§ **TASK BRIEF**:
Set down the data below in full and exactly, minus the pictures.

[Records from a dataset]
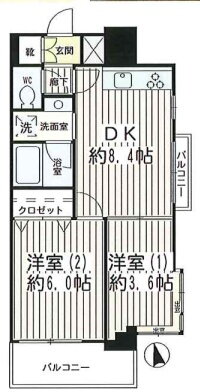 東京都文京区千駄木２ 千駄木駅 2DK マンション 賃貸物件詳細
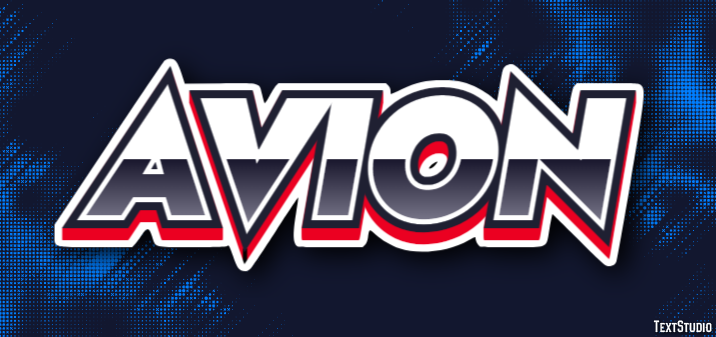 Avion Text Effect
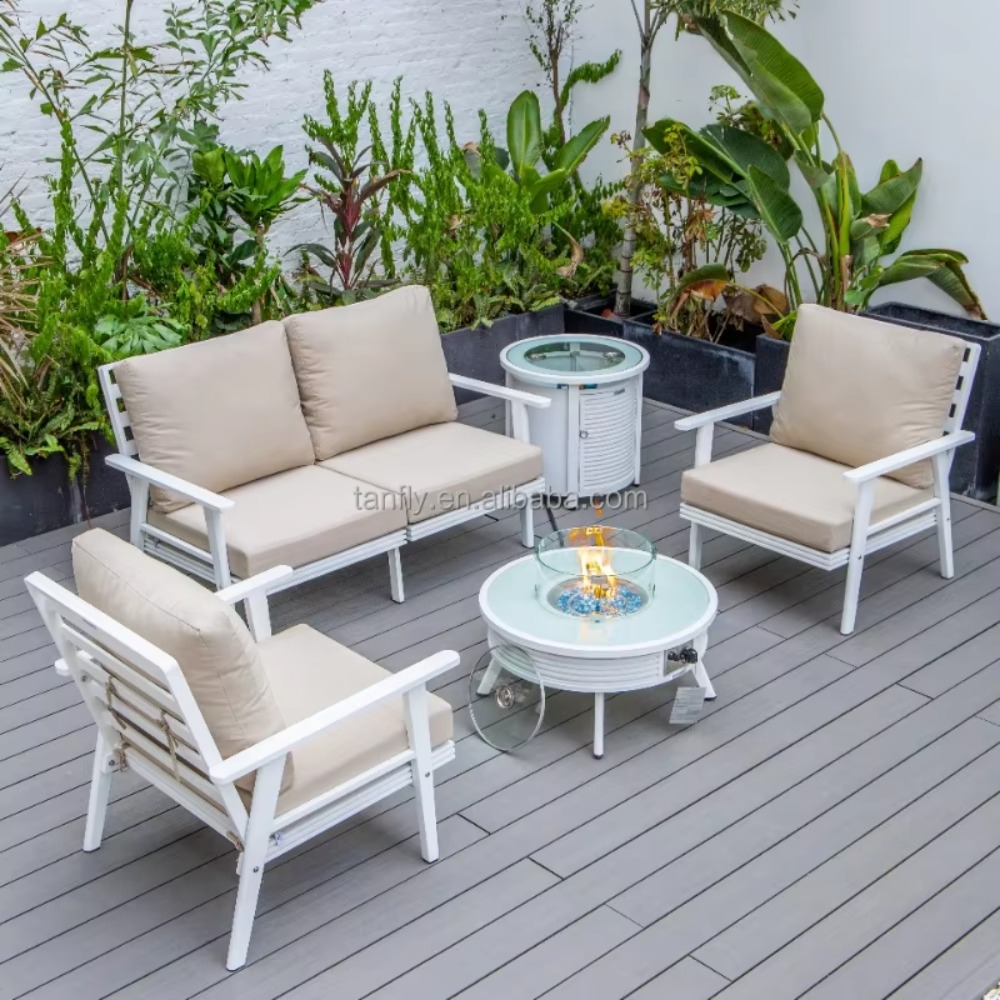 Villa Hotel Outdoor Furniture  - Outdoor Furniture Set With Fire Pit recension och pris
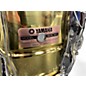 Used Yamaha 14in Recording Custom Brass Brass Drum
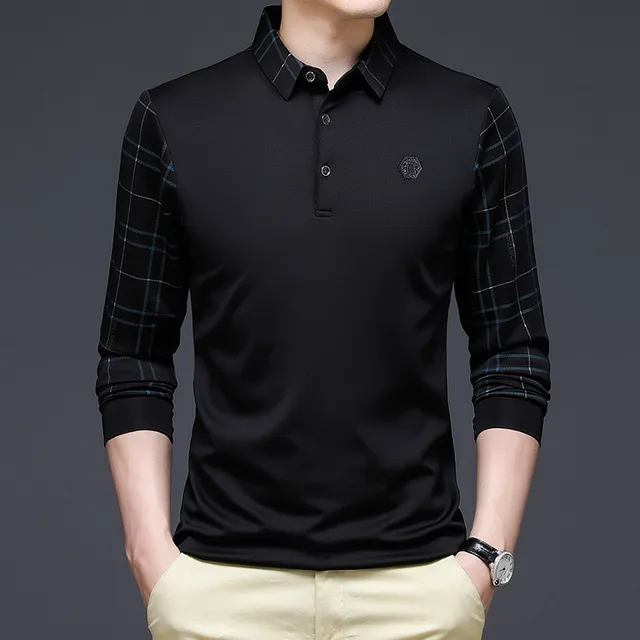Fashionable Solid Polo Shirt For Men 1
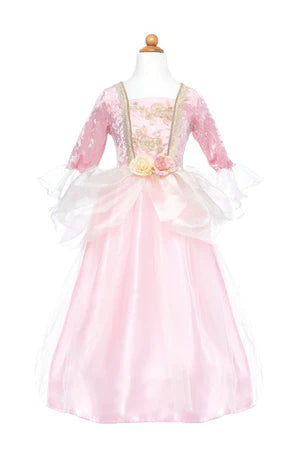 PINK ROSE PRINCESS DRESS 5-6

§ **OUTPUT OF THE TASK**:
 東京都文京区千駄木２ 千駄木駅 2DK マンション 賃貸物件詳細
 Avion Text Effect
 Villa Hotel Outdoor Furniture  - Outdoor Furniture Set With Fire Pit recension och pris
 Used Yamaha 14in Recording Custom Brass Brass Drum
Fashionable Solid Polo Shirt For Men 1
 PINK ROSE PRINCESS DRESS 5-6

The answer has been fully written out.